Nepal festivities ring hollow for families mourning dead protesters

KATHMANDU (Reuters) -Amid the lights, kite-flying and gatherings to celebrate Nepal’s 15-day festival of Dashain this year, the homes of families such as the Chaulagains are shrouded in grief for their son, killed in the country’s worst civil unrest in recent memory.

“Dashain is supposed to be filled with happiness, but this year I only feel sadness,” said 53-year-old Ganesh Prasad Chaulagain, who lost his son, Shreeyam, 18, in the political turmoil that convulsed the Himalayan nation last month.

He was speaking in the echoing silence of the family’s home in Kathmandu, the capital, as music and the scent of festival feasts filled the surrounding streets.

The high school student was shot in the head on September 8 near parliament after he joined in a peaceful anti-graft protest that spiralled into a two-day episode of violence.

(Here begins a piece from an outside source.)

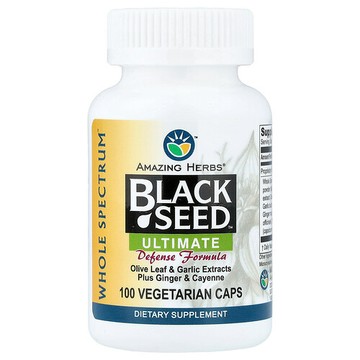 Amazing Herbs, 黑籽™，高級防御配方，100 粒素食膠囊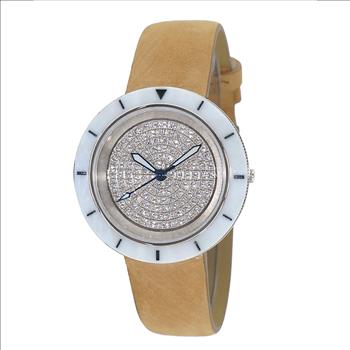 ONISS  Ladies, White High-tech Ceramic and Stainless Steel Case and Brown Genuine Leather Strap, ON7260-LBN (MSRP:  $550.00)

Nepal is slowly emerging from violence triggered by its so-called Gen-Z protests by young people enraged at a lack of jobs and perceived political indifference that killed 74 and ushered in a new interim government.

Reuters has reported that at least 33 of the demonstrators killed in the anti-graft protests were hit by “live bullets” fired from “high-velocity firearms”.

Like many in mountainous Nepal, the Chaulagains lived on a slender monthly household income, in their case less than $200.

But they ensured Shreeyam received an education, setting their sights on his finding a job overseas, perhaps in a country such as Germany, to ease their financial burden in coming years.

The median age in Nepal is about 25 years, but a lack of jobs has forced nearly a third of its young people to leave home in search of a livelihood that ensures economic security.

Matters have not been made easier by Nepal’s unstable politics, with 14 changes of government in less than two decades.

After the protests, 73-year-old former chief justice Sushila Karki was appointed as interim prime minister to prepare for elections set for March 5, but experts say the task is challenging.

Now the Chaulagains, and the relatives of others killed in the protests, are demanding regular economic support from the government, rather than just a one-time compensation payment.

“Ritually, we can’t celebrate this year, but even in the coming years, Dashain will never be the same for us,” said the father of the dead Shreeyam.